From the magazine Tanya Gold

Bagels that even New York can’t beat: Panzer’s Delicatessen reviewed

Tanya Gold
 Giles Christopher Photography
EXPLORE THE ISSUE 08 November 2025
issue 08 November 2025

That Panzer’s Delicatessen in St John’s Wood is called Panzer’s – for the instrument of Blitzkrieg – is mad, until you remember that Jews love to eat near catastrophe, and then it is merely funny. I love Panzer’s so much I am reluctant to share it, but we need all the friends we can get. I keep telling non-Jewish friends: when we burn, you will burn with us. Though I mean it as consolation, they tend to run.

St John’s Wood has always existed on the edge of hysteria. Edwardian psychopaths put their mistresses here, and I once went to a children’s birthday party where Peppa Pig couldn’t park, and there was a fight with recriminations. The high street sells corsetry and facial reconstruction.

I have never had bagels this good, not even in New York City

I remember Panzer’s as a greengrocer that sold challah (bread plaited like hair, because who cares?) but it has, in what liberal newspapers call End Days Capitalism, upgraded itself to café, takeout joint and seller of hampers: that is, it is the Jewish Fortnum & Mason, and its glassy eyes overlook the remnants of a library. It is 80 years old, fabulously clean and it seethes with rage.

‘Why are you staring at me?’ a woman shouts, as I move aside due to a bottleneck caused by an olive oil demonstration and babies. ‘I am being polite!’ I shout back. This is not abnormal. Rather, I am home.

First, the bagel counter. I have never had bagels this good, not even in New York City. I have the smoked salmon and cream cheese bagel, and it does everything a smoked salmon and cream cheese bagel can, and should, do: and some things it shouldn’t. It was overfilled, as good bagels are, and it falls to the ground as I eat it, but even thinking about it makes me feel like a wild animal. Get bagels nowhere else, and don’t forget the onion. Get them on Sundays, and pretend you live inside a colour magazine supplement. There are worse lives.

The café is outdoors: it is manned by someone impersonating a psychiatric nurse. Of course I wonder: when will you crack? Now? The portions are vast: the food (chicken schnitzel; hamburger) is too generic for Jewish food, but this is St John’s Wood, not Poland or Finchley, and it isn’t Jewish food.

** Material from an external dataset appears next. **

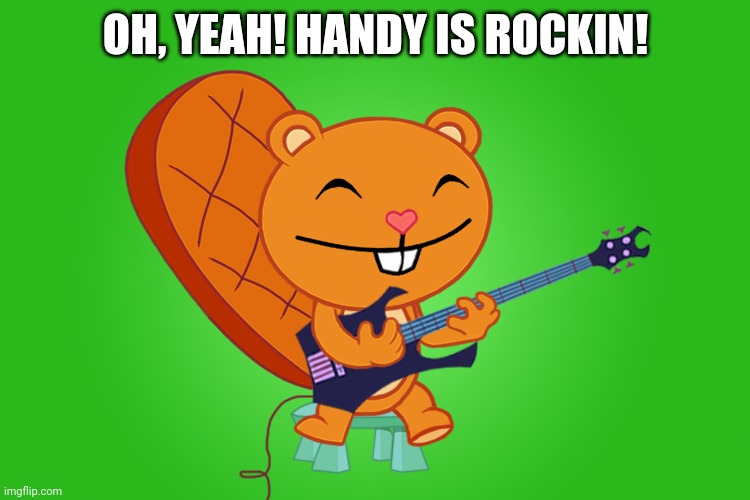 Rock & Roll Handy! (HTF) | OH, YEAH! HANDY IS ROCKIN! | image tagged in happy tree friends | made w/ Imgflip meme maker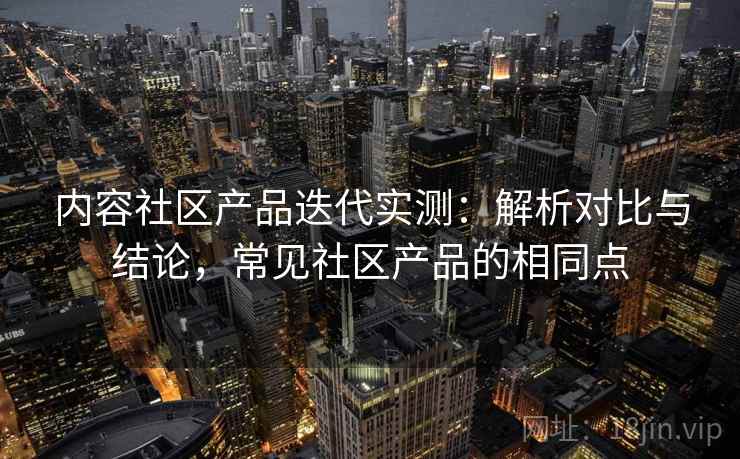 内容社区产品迭代实测：解析对比与结论，常见社区产品的相同点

It is brasserie food, and it is fine.

The delight, though, is the grocer’s: rows of prepared meals lit like Judy Garland. But kosher! And alive! (At least for things that are, by definition, dead.) The honey cake has a density – a fury – no sponge cake has a right to. The Panzer’s mini-roll – it is not called that – is a maxi-roll. It could eat itself.

My complaint is the same complaint that I have about Nobody Wants This, the Netflix romance between a ‘hot rabbi’ who isn’t hot and a non-Jewish woman who looks like an elf. (Season two is here: this whining is topical.)

People dislike Nobody Wants This because it is a collection of stereotypes, and it is, but I don’t mind the stereotypes, which are largely true. (I mind the guns.) Rather, Nobody Wants This is lacking in Jewish intellect and identity – it makes Jews sound like a curiosity, monied Hobbits or Druids, but angry – and I make the same complaint of Panzer’s. Even if it is a deli. Katz’s in New York City is heftier, but we are British Jews, and our deli sells A Taste Of Luxury This Christmas, and there it is.

Panzer’s Delicatessen, 13-19 Circus Road, London NW8; 020 7722 8162.